─── Data shown

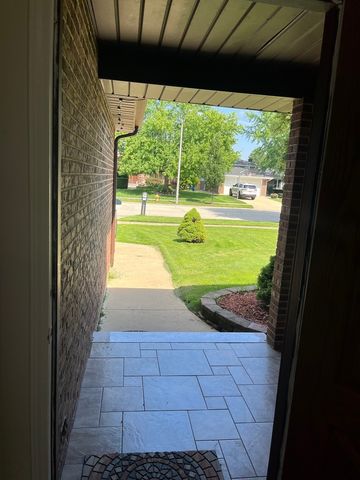 1212 N Honey Hill Road, Addison, IL 60101
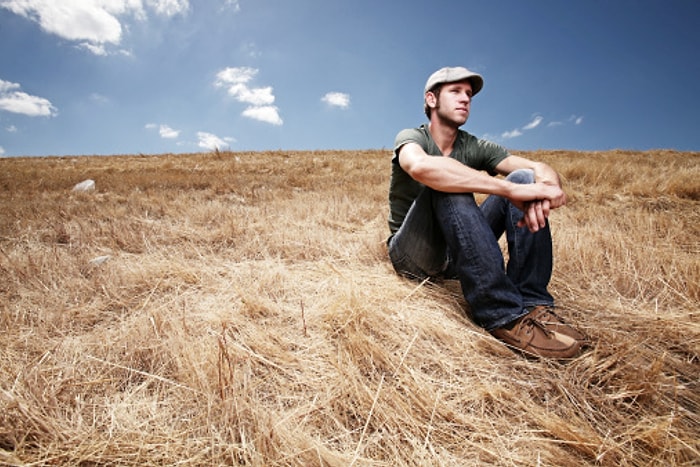 Sevgilisine Attığı Mesajın Cevabını Beklerken Bir Erkeğin Aklından Geçen 30 Düşünce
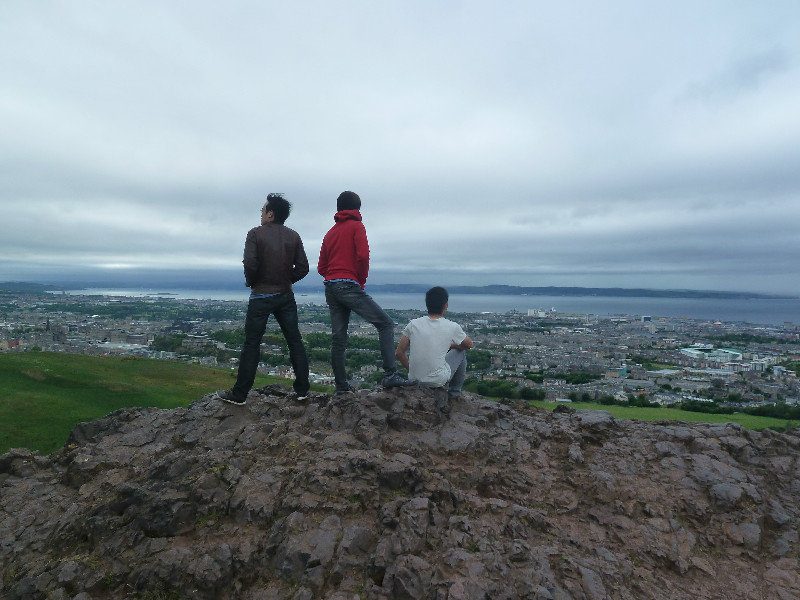 3 musketeers atop Arthur's Seat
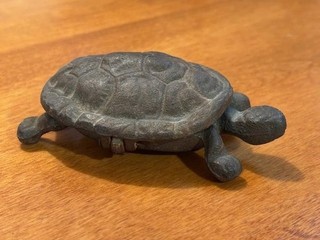 Vintage Baerricks' 62 Small Cast Iron Turtle Box 4 inches long!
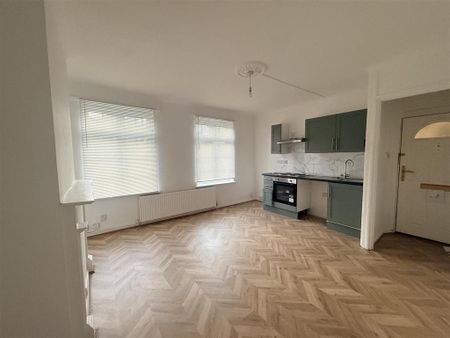 3 bedroom flat to rent - Photo 3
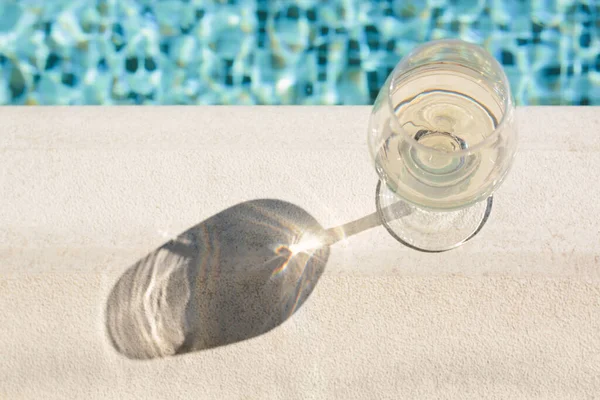 Glas Lekkere Wijn Aan Rand Van Het Zwembad Boven Het — Stockfoto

──────

# What to work on:
Reproduce the whole of the data, word for word, and omit its pictures.

# Task answer:
 1212 N Honey Hill Road, Addison, IL 60101
 Sevgilisine Attığı Mesajın Cevabını Beklerken Bir Erkeğin Aklından Geçen 30 Düşünce
 3 musketeers atop Arthur's Seat
 Vintage Baerricks' 62 Small Cast Iron Turtle Box 4 inches long!
 3 bedroom flat to rent - Photo 3
 Glas Lekkere Wijn Aan Rand Van Het Zwembad Boven Het — Stockfoto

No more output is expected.